Last night gorgeous goddaughter Genevieve came round for our usual evening of pizza, SingStar (Abba!!) and chat. She has a few times expressed an interest in learning to knit but I haven't really pushed it because - well - I thought she was just flattering me to ensure she stays high on the handknit list.

But she mentioned it again and I decided to call her bluff. So somewhere in between the pizza and Abba we pulled out some needles and some gorgeous leftover cashmere Posh Yarn (get her hooked on the good stuff early) and got her started.

And look at this knitting! She's a natural!

She did some garter stitch, some stockinette and then finished off the lesson tackling a couple of rows of ribbing.

I'm looking for an easy-ish first project for her which we'll start next week. Will she take knitting up seriously? Who knows. But it's a fun diversion for now and something for her to do when I force her to sit through Gone With the Wind.

Monday, 26 January 2009

What? No Nupps?

A woman can not knit with nupps alone and it is time (well past time actually) for me to sort out some socks for my dad.

We sock knitters know that the world is made up of two kinds of people: people who think handknit socks are a warm and special treat; and those who would be just as happy with a pack of 5 pairs for £5 socks from Walmart. I tend to think that people fall into category 2 unless I get very strong evidence to the contrary - like an outright "please make me a pair of socks".

The problem with this approach is that some people just won't ask.

My poor father after a few days of watching me hand out socks to my sister and nieces, and listening to me promise socks to some aunts, forlornly picked up the pair of socks I had made for my sister (which she'd accidentally left behind) and said "maybe I could have these ones".

Bless him.

I told him he didn't have to settle for bright blue socks that were going to be way too small for him and I'd love to make a pair just for him.

With Christmas knitting and the Crown Prince out of the way I finally went to cast them on the other day.

I bit of panic ensued as I started searching through the 40 gazillion skeins of sock yarn I own for 2 skeins that weren't bright girly colours.
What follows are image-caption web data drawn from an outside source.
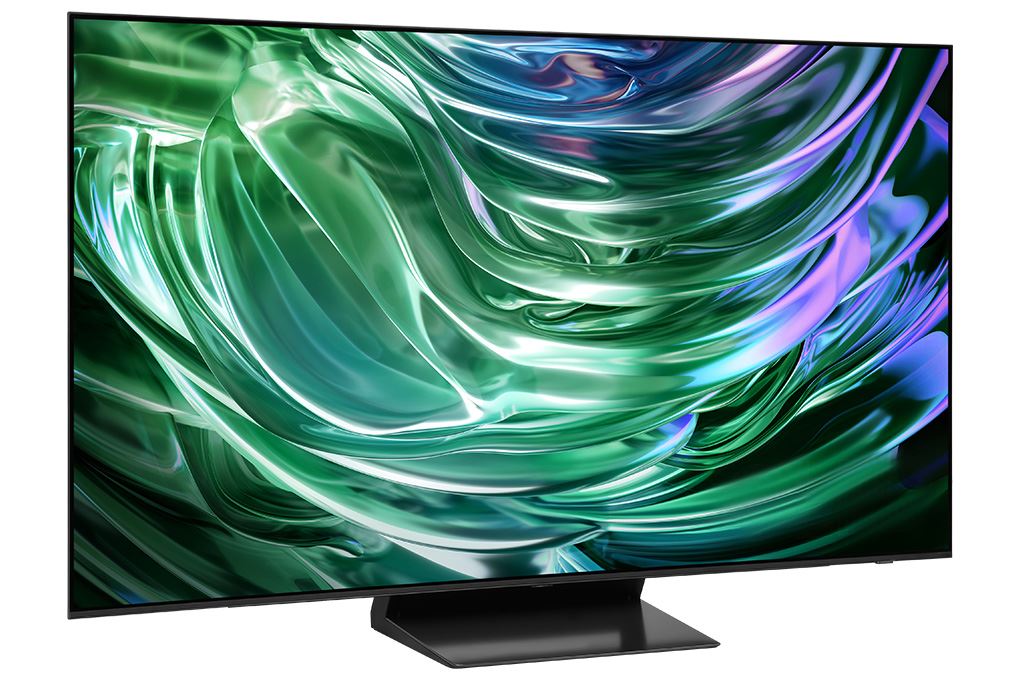 Smart Tivi OLED Samsung AI 4K 55 inch QA55S90D Màu Đen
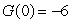 The graph of is shown in the following figure.If G is an antiderivative of g such that , what is ?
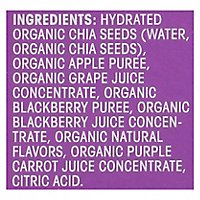 Mamma Chia Squeeze Vitality Snack Organic Blackberry Bliss - 4-3.5 Oz - Image 5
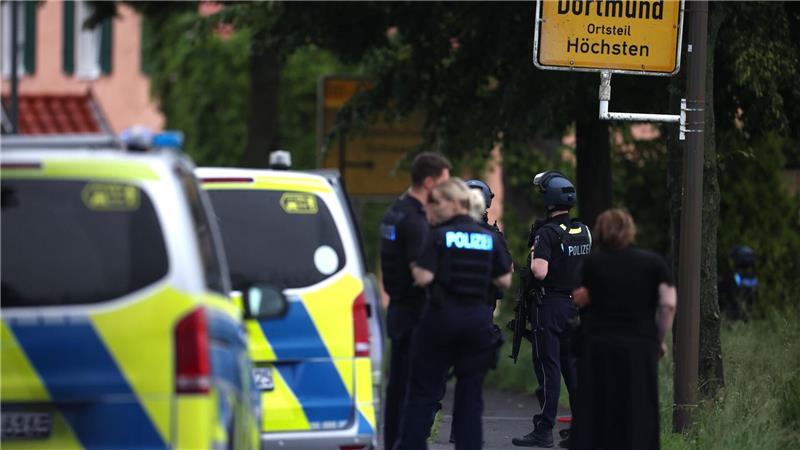 Drama in Dortmund: U-Haft nach Schuss auf Polizisten Der Einsatz dauerte mehrere Stunden.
It wasn't looking promising.

And then at last I spied 2 skeins of grey sock yarn -- bought when and why I have no idea -- hidden at the bottom of the cupboard. Perfect for dad socks.

Picking a pattern was even trickier. I didn't want to make plain grey socks as I thought that would be more than a bit dull. I browsed through my socks books (and I have a lot) and found very few (2 or 3) patterns that weren't 'too girly'.

I finally settled on the Retro Rib pattern in Favourite Socks which I hope will be masculine enough.

But this has me wondering.

Is there a great store of men's sock patterns out there somewhere I'm missing? I'd be grateful for any masculine pattern suggestions as I'd like to make him a few more pairs over the year and I think he (and I) might grow tired of the retro rib!

Monday, 19 January 2009

May I Present.....

The Crown Prince of Greenwich - officially my first successfully finished project of 2009!

The pattern is the Crown Prince Square Shawl from Knitted Lace of Estonia (I do like this book). There is an error in one of the charts though so do check the errata on the Interweave site if you are going to knit this one.

When I initially looked at the pattern I thought it might be a dull knit as there is so much repetition -- apart from the edging the pattern is just two motifs repeated over and over again.

How wrong I was. I loved this nupp laden knitting. It held my interest and I was never bored.

Not even when I had to rip back 20 rows in the main body.

It was the usual story. I spotted a mistake about 3 rows after making it but managed to convince myself it wasn't 'too noticeable' and 'could be fixed by blocking'.

10 rows later I wasn't quite as sure but thought - maybe blocking and some needle magic will fix it. 20 rows later I knew I was kidding myself.

I attempted to drop just the affected stitches and repair -- but as you can see from these photos that left some VERY loose stitches. Attempts to take up the slackness in surrounding stitches failed -- nupps are not so easily manipulated!!!

So, I bit the bullet and pulled the needles out and ripped back the full 20 rows.


I don't really mind frogging but I do wish I wouldn't delude myself for QUITE so long.

After that it was smooth sailing.

I knit the shawl with Jaggerspun Zephyr in a cream colour -- mostly because I had enough of that in the stash! I used two full skeins for the body of the shawl, and 30 gms of a third skein for the edging.

The pattern as designed as the edging cast on and knit separately in two pieces and then stitched to the body.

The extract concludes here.